Application of matrix-assisted laser desorption/ionization Fourier transform mass spectrometry to the analysis of planar porphyrins and highly substituted nonplanar porphyrins

The applicability of matrix-assisted laser desorption/ionization (MALDI) Fourier transform mass spectrometry to the analysis of porphyrins has been examined. High resolution spectra were readily obtained with good sensitivity and a detection limit as low as 2 fmol. A mixed solvent system of toluene and ethanol (1:1 by volume) proved to be compatible with the 2,5-dihydroxybenzoic acid (DHB) matrix and solubilized most of the porphyrins examined in this study. Porphyrins which were insoluble in this solvent mixture could be dissolved in an appropriate solvent and deposited on a layer of DHB (layered MALDI).

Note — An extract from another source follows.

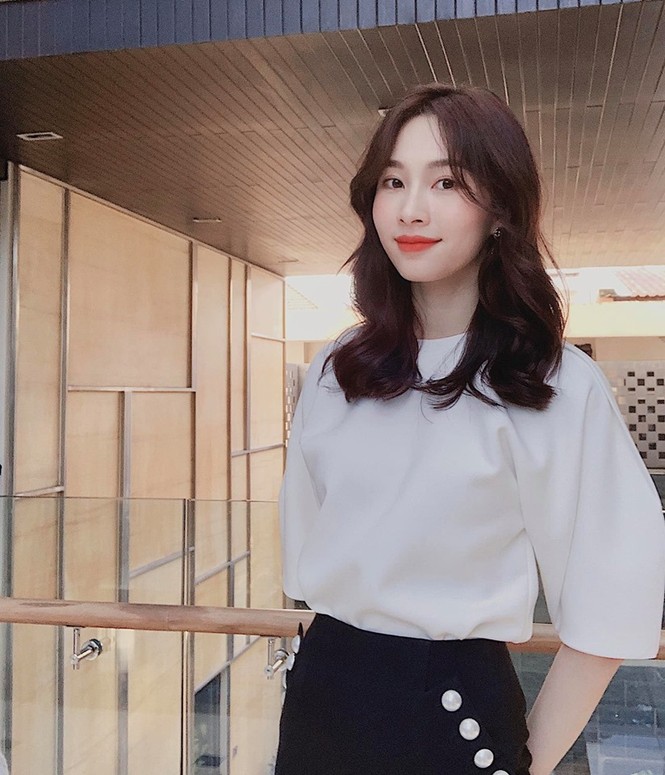 Á hậu Thuỳ Dung khoe ảnh bikini nóng bỏng và cái kết bất ngờ khiến fans 'té ghế' - ảnh 8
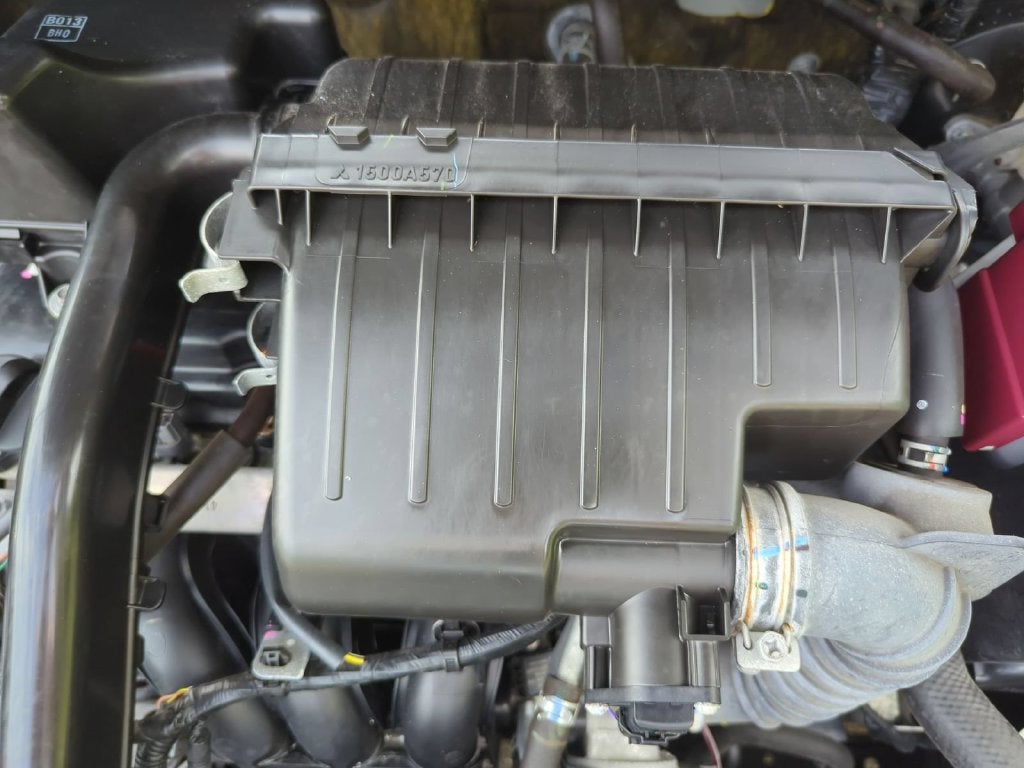 2024 Mitsubishi Mirage ES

The parent ion was generally the largest peak in the spectrum, although for some metalloporphyrins the peak corresponding to (M - metal + 3H)⁺ was dominant. The extent of demetallation was found to depend on factors such as sample preparation, the metal ion and the laser intensity. Addition of more than one hydrogen occurred in many cases but was a minor process. Spectra of compounds ionized by different methods showed increasing fragmentation in the order MALDI <layered MALDI < fast-atom bombardment <laser desorption.